Atrasentan (3 mg/kg, p.o.) inhibits the pressor response induced by big endothelin-1 (1 nmol/kg) in pithed rats[1]. Aatrasentan (ABT-627, 10 mg/kg, i.p.) as well as Taxotere alone inhibited the C4-2b tumor growth within the bone environment to some extent in the SCID-hu model[2].

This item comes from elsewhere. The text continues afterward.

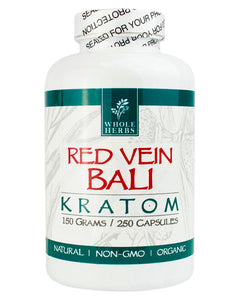 A 250 capsule (150g) container of Whole Herbs Red Vein Bali Kratom Capsules.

[1]. Yuyama H, et al. Superiority of YM598 over atrasentan as a selective endothelin ETA receptor antagonist. Eur J Pharmacol. 2004 Sep 13;498(1-3):171-7. [2]. Banerjee S, et al. In vitro and in vivo molecular evidence for better therapeutic efficacy of ABT-627 and taxotere combination in prostate cancer. Cancer Res. 2007 Apr 15;67(8):3818-26. [3]. Weiss J, et al. Interaction potential of the endothelin-A receptor antagonist atrasentan with drug transporters and drug-metabolising enzymes assessed in vitro. Cancer Chemother Pharmacol. 2011 Oct;68(4):1093-8.